** RECORDED INFORMATION **
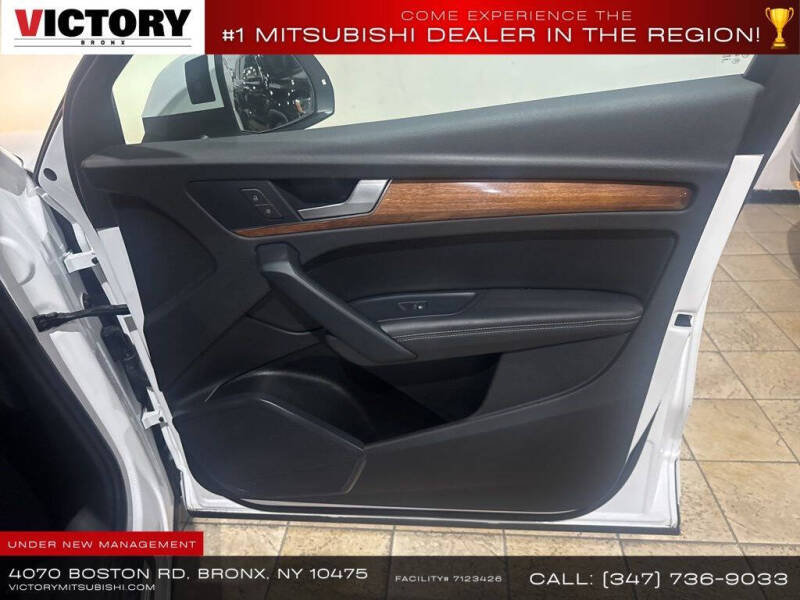 2022 Audi Q5 quattro S line Prem Plus 45 TFSI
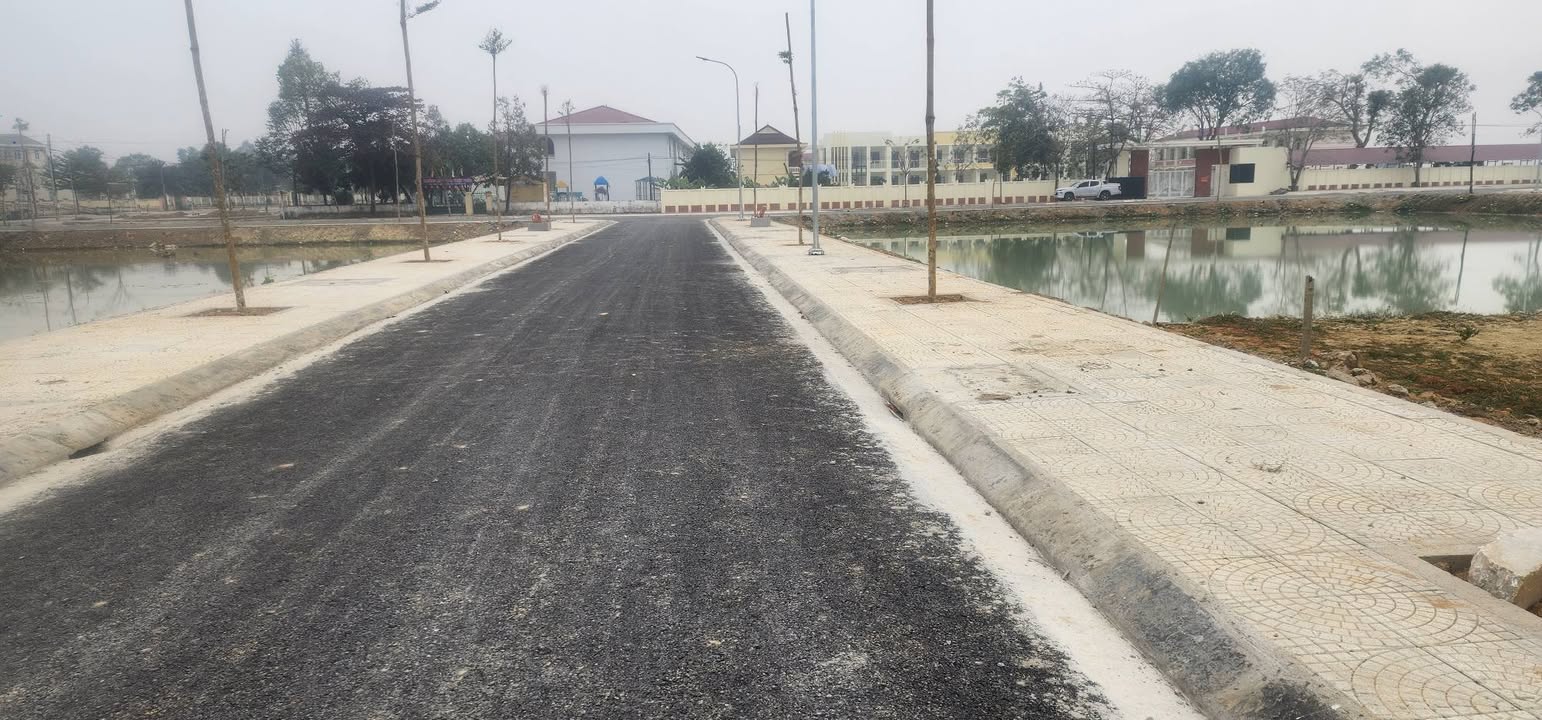 Đất nền Thiệu Phúc, Thiệu Hóa 100m² giá thỏa thuận - Vị trí tiềm năng gần trung tâm!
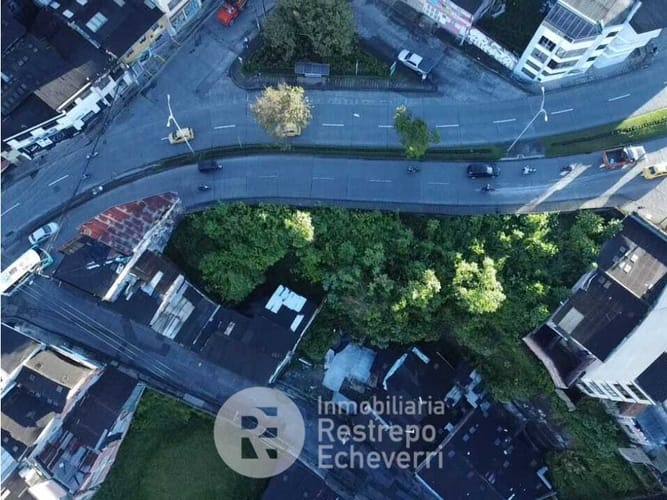 Lote en venta en Av Paralela, Manizales, 654 m² · foto 4 de 5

** WHAT YOU ARE ASKED TO DO **
The answer must be the lines above from the line that contains "Đất nền Thiệu" to the final line of the data, word for word, with no pictures.

** SOLUTION FOR THIS EXERCISE **
 Đất nền Thiệu Phúc, Thiệu Hóa 100m² giá thỏa thuận - Vị trí tiềm năng gần trung tâm!
 Lote en venta en Av Paralela, Manizales, 654 m² · foto 4 de 5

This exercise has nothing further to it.